Reputation: 113
I have 2 data frames, and I am trying to copy just one column from one data frame into the other data frame by matching 3 columns in the first data frame to 3 columns in the second data frame. I don't want to completely merge the data frames because my real data frames have too many columns each and I don't want them to be all together.

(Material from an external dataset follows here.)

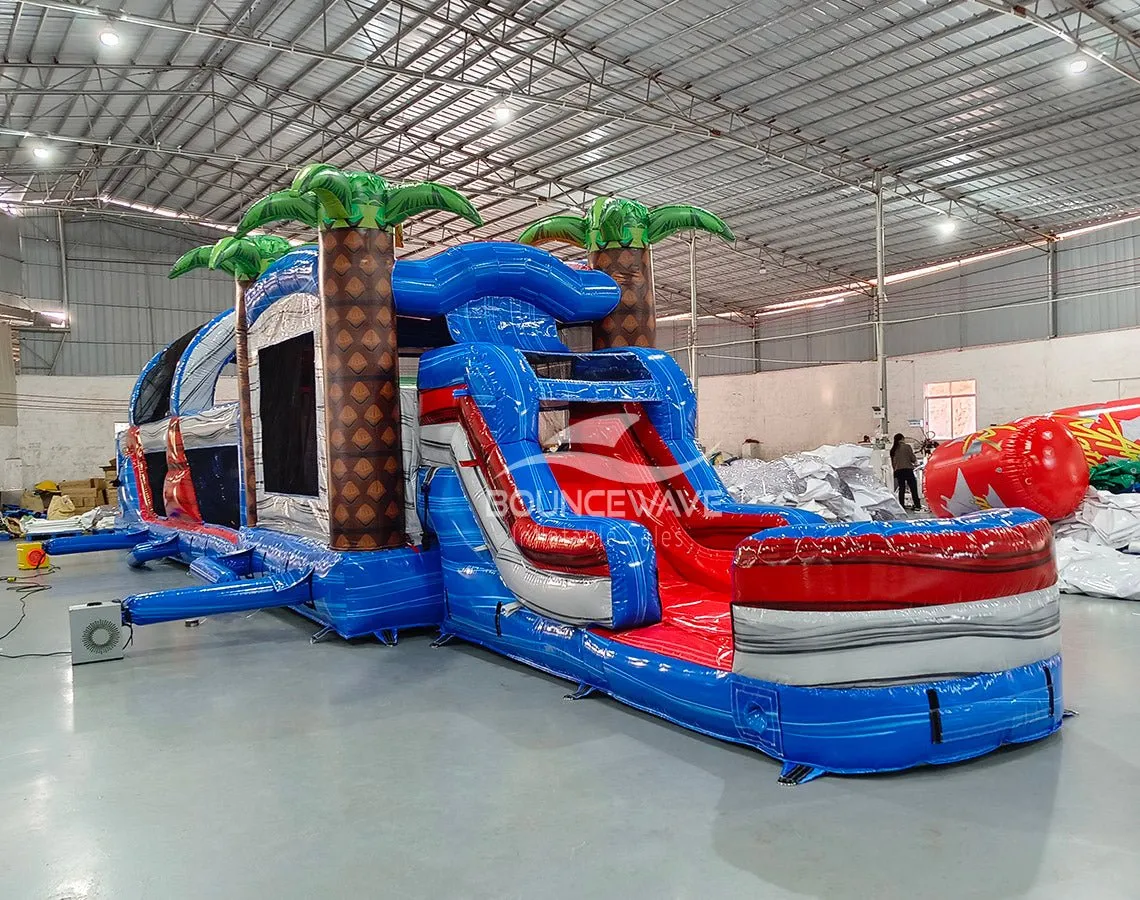 56.5ft Baja 2-Piece Obstacle Bounce House with Slide (Wet/Dry)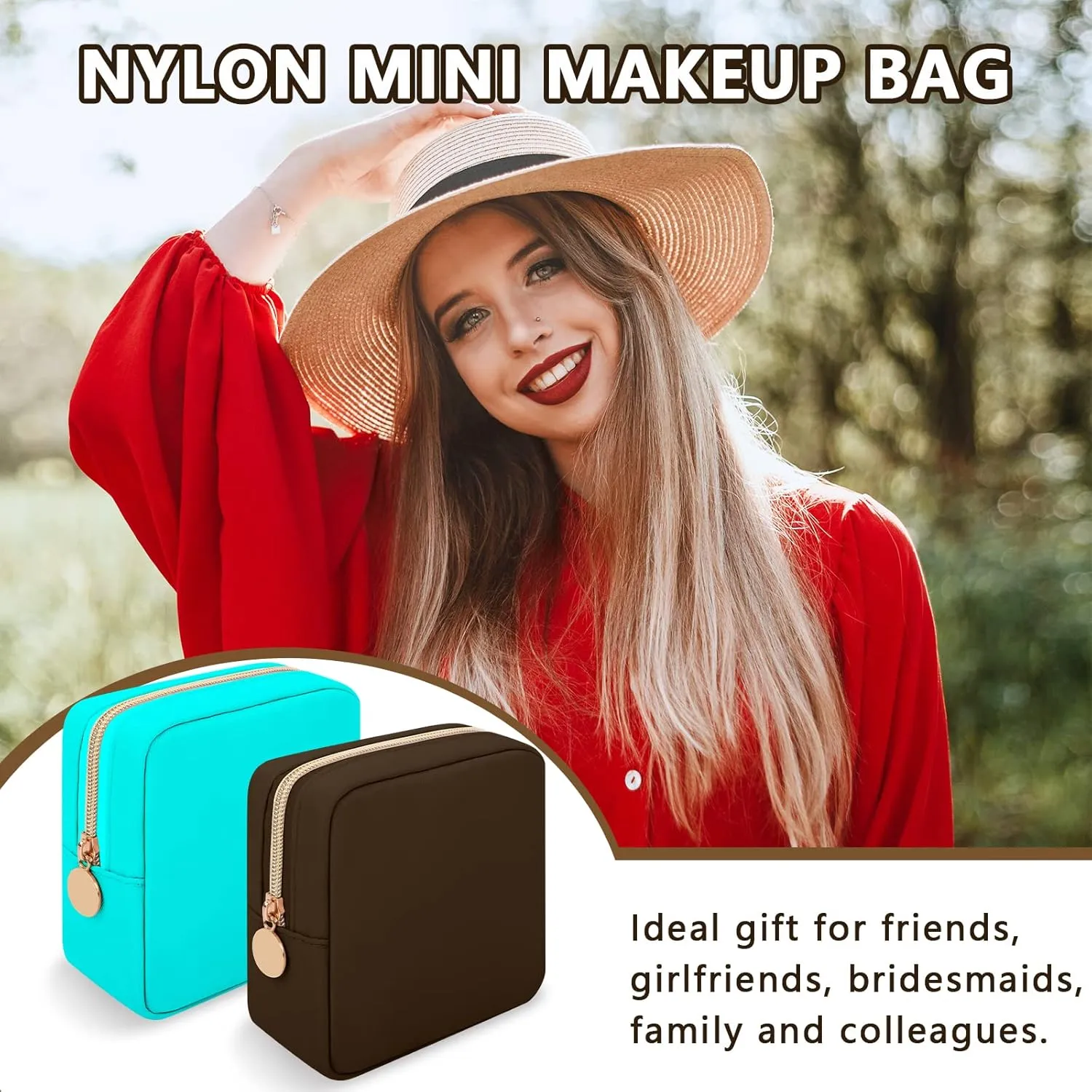 Iqimott Nylon Mini Makeup Bag, Preppy Small Cosmetic Bag Compact Make up Pouch Toiletry Bag, Waterproof Zipper Purse Travel Coin Pouch Sanitary Napkin Storage Bag for Women Girls Teens(Brown)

Here are example data frames:
df1
ID_num Terr_Bred Dispersal_Dist Year_Bred
1 1 BAM 760 1987
2 2 GRE 1006 1993
3 3 MEW 999 2000
df2
Mal_ID Date_Rec Year Terr Pair_ID Fem_ID
1 4 3/22/1987 1987 BAM 87 1
2 7 2/22/1987 1987 YER 43 1
3 5 1/17/1993 1993 GRE 22 2
4 8 2/14/1991 1991 GRE 91 2
5 6 10/1/2000 2000 MEW 65 3
I want this:
ID_num Year_Bred Terr_Bred Dispersal_Dist Mate_ID_num
1 1 1987 BAM 760 4
2 2 1993 GRE 1006 5
3 3 2000 MEW 999 6
So, I'm trying to add the Mal_ID column from df2 into df1 and rename the column Mate_ID_num. To do this I want to match the ID_num column from df1 to Fem_ID column in df2, Year_Bred column from df1 to Year column in df2, and the Terr_Bred column from df1 to the Terr column in df2. As seen in the examples above, the names for the columns differ in each data frame.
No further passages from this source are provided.